Otto, by then a Staff Sergeant, was given the momentous task of leading his men ashore in tandem with the British Commandos as the spearhead of the invasion. Once ashore, the men would push inland and make way for the thousands of Allied soldiers set to pour onto the beaches mere hours later. Due to the currents and inclement weather, Otto’s unit landed in the wrong place at the wrong time and under heavy fire. Several LCTs were lost before the door could even be dropped and dozens of men were killed or captured. Somewhere in the chaos, in between the machine gun fire, the thrashing black waves, and the heavy equipment weighing him down, Otto slipped beneath the waves and did not come back up.

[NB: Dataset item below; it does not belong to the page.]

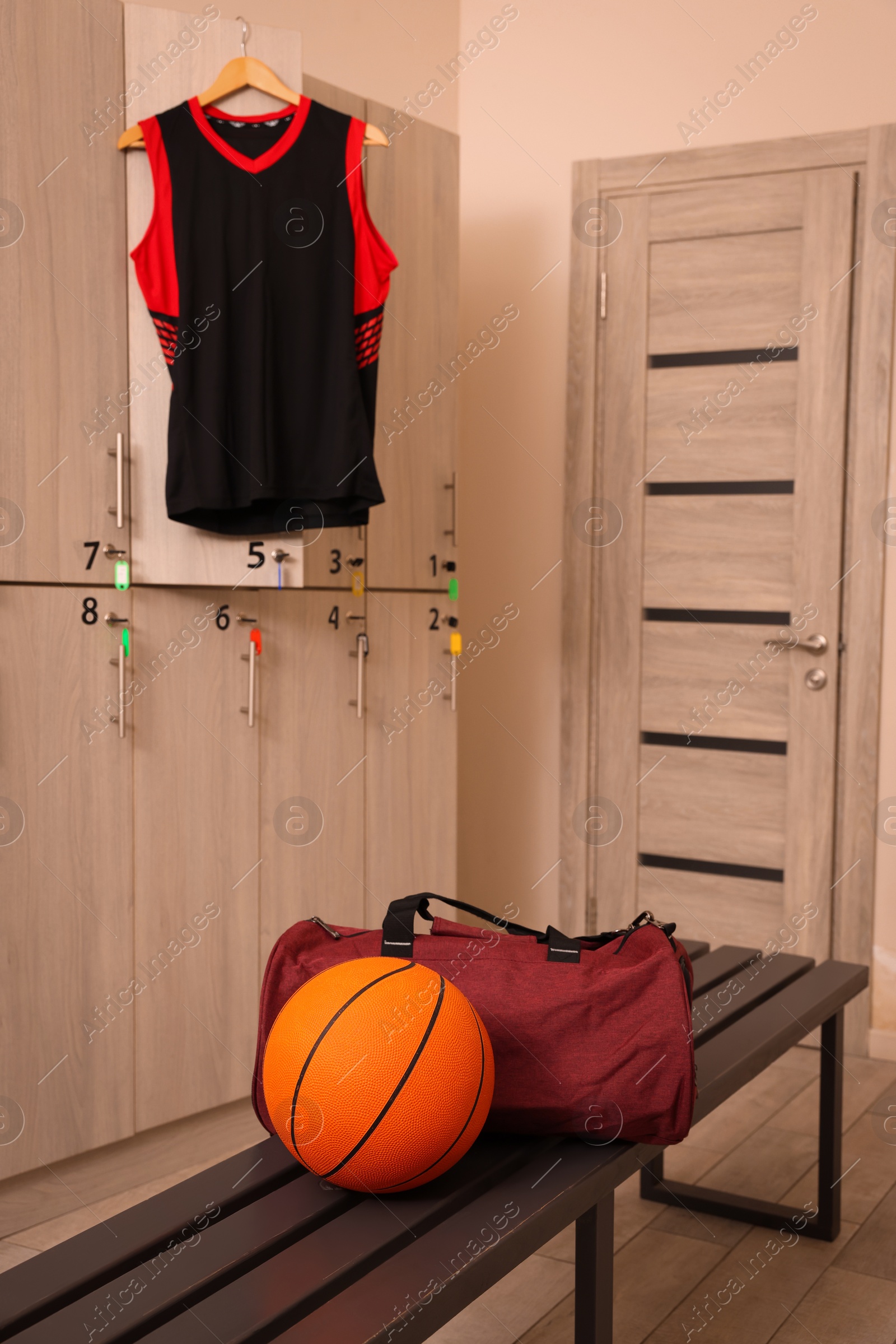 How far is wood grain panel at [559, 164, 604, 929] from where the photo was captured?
3404 millimetres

He was just 22 years old.
A Father Memorializes His Son
Two months later and five thousand miles away, Otto’s father, Mr. O.H. Boettcher, received a telegram telling him his son was dead. Four years after that, Mr. Boettcher donated his labor to help construct the new dormitories for returning veterans in the attic of Victory Hall. It was the building in which young Otto had likely spent most of his time while at BVC and it was the place he may have lived had he returned. Mr. Boettcher couldn’t think of a more fitting place to memorialize his son. For two weeks, Mr. Boettcher helped to put in the dormitory floors in Victory Hall, pouring himself into helping create a life for others that his son would never get to live.

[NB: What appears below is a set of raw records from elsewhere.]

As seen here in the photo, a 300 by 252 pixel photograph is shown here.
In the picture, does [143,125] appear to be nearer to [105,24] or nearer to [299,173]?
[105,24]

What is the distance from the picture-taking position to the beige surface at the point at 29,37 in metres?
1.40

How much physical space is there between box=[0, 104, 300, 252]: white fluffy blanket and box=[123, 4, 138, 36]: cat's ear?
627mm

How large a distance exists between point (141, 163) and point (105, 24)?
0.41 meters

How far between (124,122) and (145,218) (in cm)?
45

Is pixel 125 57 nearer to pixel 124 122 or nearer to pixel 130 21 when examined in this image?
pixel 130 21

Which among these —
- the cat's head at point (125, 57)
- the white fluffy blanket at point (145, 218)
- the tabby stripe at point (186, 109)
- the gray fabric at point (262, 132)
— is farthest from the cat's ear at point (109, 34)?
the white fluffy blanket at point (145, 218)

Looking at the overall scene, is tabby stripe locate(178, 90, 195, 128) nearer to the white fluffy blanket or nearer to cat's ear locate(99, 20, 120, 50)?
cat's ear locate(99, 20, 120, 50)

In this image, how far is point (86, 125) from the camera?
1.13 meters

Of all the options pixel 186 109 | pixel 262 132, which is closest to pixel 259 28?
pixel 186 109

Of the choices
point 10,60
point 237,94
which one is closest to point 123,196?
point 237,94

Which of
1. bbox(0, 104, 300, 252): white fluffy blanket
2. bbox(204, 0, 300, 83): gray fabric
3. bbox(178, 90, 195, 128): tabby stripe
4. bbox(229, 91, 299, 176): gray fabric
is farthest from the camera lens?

The dormitories opened in 1946, and the Vets Club offices moved into Victory Hall a short time after. It became the hub for all returning veterans, a place where they could study, converse, support one another, and, ultimately, rebuild the lives they had left behind as boys. It was a place of memory and rebirth, a place where these young men could mourn all that they had lost and hope for all that could be. It was the heart of the campus’s loss. It was the hub of the campus’s life.
BVU Remembers
Now, nearly 80 years after the end of WWII, those young men are gone—Mr.Boettcher is gone—but Victory Hall remains. Though it has changed over the years, if you know where to look, that history is still there: in the practice rooms upstairs where glimpses of old track peek out through holes in the carpet, in the locked attic where the walls still stand and the floor that Otto’s father built still holds.
When the light is just right, just before twilight takes hold, the sinking sun illuminates the scratches worn into that floor by years of use. By shoes kicked off, books dropped, chairs moved around. Phantom laughter dances in the rafters and phantom pipe smoke drifts among the empty boxes.
Today, Edson Hall, built out of love and grief, is full of music.
And, in those shimmers of light at the dying of the day, there is Otto Boettcher: always where he is most needed and where his name shall never perish in the dust.